Terlepas dari itu, melekatkan predikat hukum halal dan haram atas sebuah subjek universal merupakan wewenang ahli (yang nyata kompeten) hukum atau faqih, seperti predikasi haram dimakan atas semua daging kambing yang ditusuk. Proses ini disebut istinbath, dan produk universalnya disebut fatwa.
Memverifikasi subjek personal dan parsial dalam proposisi “daging kambing yang tidak disembelih dengan syariat Islam adalah haram dimakan” yang difatwakan oleh faqih, seperti apakah daging kambing tertentu yang disuguhkan pada waktu dan di tempat tertentu itu halal atau haram dimakan, merupakan tugas (taklif) individu yang disuguhi. Proses ini disebut taskhish al-maudhu al-hukm” (identifikasi subjek hukum haram yang menjdi predikatnya).
Pertanyaannya :
- Apakah pelabelan halal pada pada sejumlah barang dengan merek tertentu adalah produk istinbath alias fatwa sebagai hukum universal? Apakah pelabelan halal ini hanya dilakukan para faqih? Apakah sebutan ulama dalam organisasi MUI semakna dengan fuqaha? Lalu apa kriteria-kriteria kompetensinya? Apakah faqih menurut standar sebuah kelompok juga faqih menurut kelompok lain? Bagaimana proses instinbath dan penyimpulan fatwa seorang atau beberapa orang yang mengaku atau dianggap ulama bisa berlaku atas setiap Muslim?
- Ataukah pelabelan halal pada pada sejumlah barang dengan merek tertentu adalah hasil tasykhish (verifikasi) individu mukallaf baik faqih maupun awam dalam menerapkan hukum atas setiap subjek satu demi satu yang selalu dikonsumsi dan terus diproduksi?
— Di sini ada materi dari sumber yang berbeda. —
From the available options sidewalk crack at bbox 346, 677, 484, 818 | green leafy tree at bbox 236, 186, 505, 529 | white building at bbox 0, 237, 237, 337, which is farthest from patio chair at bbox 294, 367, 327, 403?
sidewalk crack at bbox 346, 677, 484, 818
Apakah pelabelan halal ini hanya dilakukan setiap individu Muslim?
- Apakah pelabelan halal pada sejumlah barang dengan merek tertentu ditetapkan secara universal atas sebuah merek dagang tertentu yang berlaku secara merata atas setiap barang semereknya lainnya yang diproduksi meski tak diverifikasi? Bagaimana memastikan produk-produk semerek yang tak diverifikasi itu sebagai halal?
- Ataukah pelabelan halal pada sejumlah barang dengan merek tertentu hanya berlaku atas satu demi satu barang dengan merek tertentu itu sebagai produk tasykhis individu? Apakah Setiap kaleng susu, misalnya, harus dicek kehalalan kandungannya atau setiap sajian makanan di restoran harus dicek dulu sebelum ditetapkan halal? Betapa repotnya!
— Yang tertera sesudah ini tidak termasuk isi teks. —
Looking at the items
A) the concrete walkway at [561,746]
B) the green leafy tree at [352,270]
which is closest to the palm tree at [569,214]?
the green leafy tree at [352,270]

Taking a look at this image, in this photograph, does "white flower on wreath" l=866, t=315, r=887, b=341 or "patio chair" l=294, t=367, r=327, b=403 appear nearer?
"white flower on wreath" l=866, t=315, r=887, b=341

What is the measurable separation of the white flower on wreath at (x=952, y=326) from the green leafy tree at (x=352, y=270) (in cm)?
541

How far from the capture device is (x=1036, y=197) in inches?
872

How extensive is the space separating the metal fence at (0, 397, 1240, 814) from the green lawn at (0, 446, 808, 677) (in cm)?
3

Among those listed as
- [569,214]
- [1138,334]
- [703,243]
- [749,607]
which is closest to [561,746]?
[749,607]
Dengan memperhatikan beberapa pertanyaan di atas, secara faktual, pelabelan halal oleh siapapun adalah sesuatu yang problematik dan kompleks
Awam yang mengutamakan fikih rasional tidak menunggu label halal untuk setiap benda yang dimakan dan diminum karena memegangi prinsip “fundamentalitas halal” yang secara disarikan dari keputusan syar’i Imam Ja’far Sadiq, “Segala sesuatu bagimu adalah halal kecuali (sampai) kamu mengetahuinya haram secara pasti.” Dengan kata lain, pengharaman adalah pengecualian yang disingkap dengan dalil yang kuat melalui sebuah proses istidlal dan istinbath yang memerlukan kompetensi khusus.
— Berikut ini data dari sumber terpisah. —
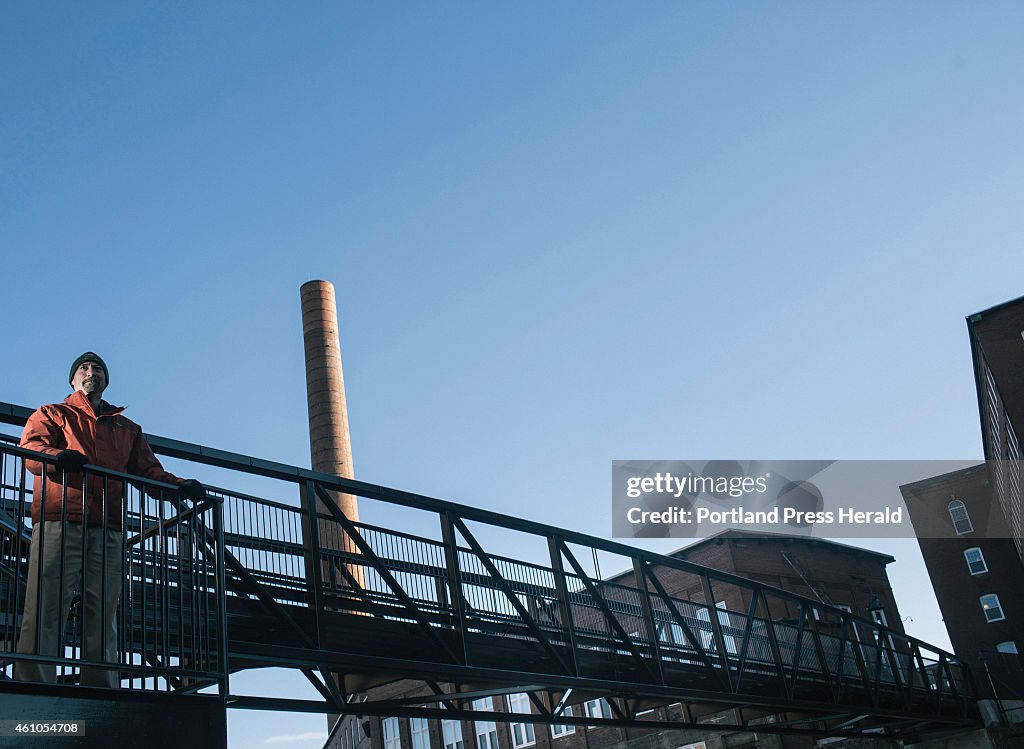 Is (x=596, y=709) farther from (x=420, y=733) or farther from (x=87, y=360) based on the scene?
(x=87, y=360)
Karena mulanya segala sesuatu adalah halal kecuali benda-benda yang diketahui keharamannya berdasarkan dalil tekstual yang kuat, maka justru label haram lebih relevan ditempelkan pada benda-benda tertentu yang diketahui haram, bukan label halal. Tentu biaya yang dikeluar lebih sedikit, dan peluang kapitalisasi dan korupsi juga lebih kecil.
Ini juga memahamkan bahwa keraguan tidak tidak dapat dijadikan dasar general untuk menggeser kehalalan primer sebuah benda yang dimakan, diminum dan dipakai.